Dentro del contexto hiperviolento en el cual vivimos los mexicanos, podríamos pensar un poco más en esas huellas de las que habla Derrida. La muerte está a la vuelta de cada esquina y sería bueno considerar cuál es nuestra última huella: ¿una marcada en la realidad concreta, o un estado de WhatsApp convertido en epitafio? Mientras los cibernautas se exponen al tema del secuestro de cuentas, la población desconectada se expone a un secuestro real. Mientras el habitante de las redes sociales traslada el problema filosófico de la existencia al terreno de la realidad virtual, el ser humano sin acceso a la tecnología sigue enfrentando la muerte en las mismas condiciones de miseria que lo hicieron sus antepasados: como un personaje anónimo sin derecho a escribir un epitafio, por no tener recursos para grabar una lápida. Ni siquiera en Facebook.

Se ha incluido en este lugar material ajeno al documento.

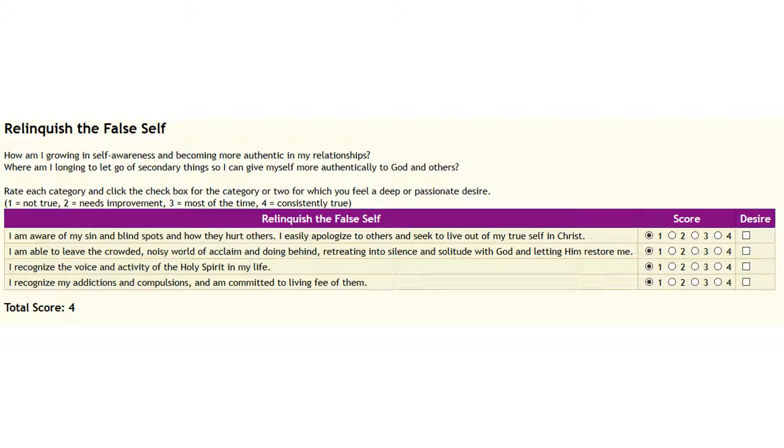The questions: I am aware of my sin and blind spots and how they hurt others. I easily apologize to others and seek to live out my true self in Christ. I am able to leave the crowded, noisy world of acclaim and doing behind, retreating into silence and solitude with God and letting him restore me. I recognize the voice and activity of the Holy Spirit in my life. I recognize my addictions and compulsions and am committed to living free of them. Once you have marked those five areas, click on which one you feel the deepest desire for.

[1] Lev Manovich, The Language of New Media, Cambridge, MIT Press, 2001.
[2] Jürgen Habermas, The Structural Transformation of the Public Sphere: An Inquiry into a Category of Bourgeois Society, Cambridge, 1962 trans 1989.
[3]Jacques Derrida, Aporías: Morir-esperarse (en) Los límites de la verdad, Ed. Paidós, 1998.
[4] Idem.
[5] Encuesta sobre acceso a tecnología del año 2015 del Instituto Nacional de Estadística y Geografía.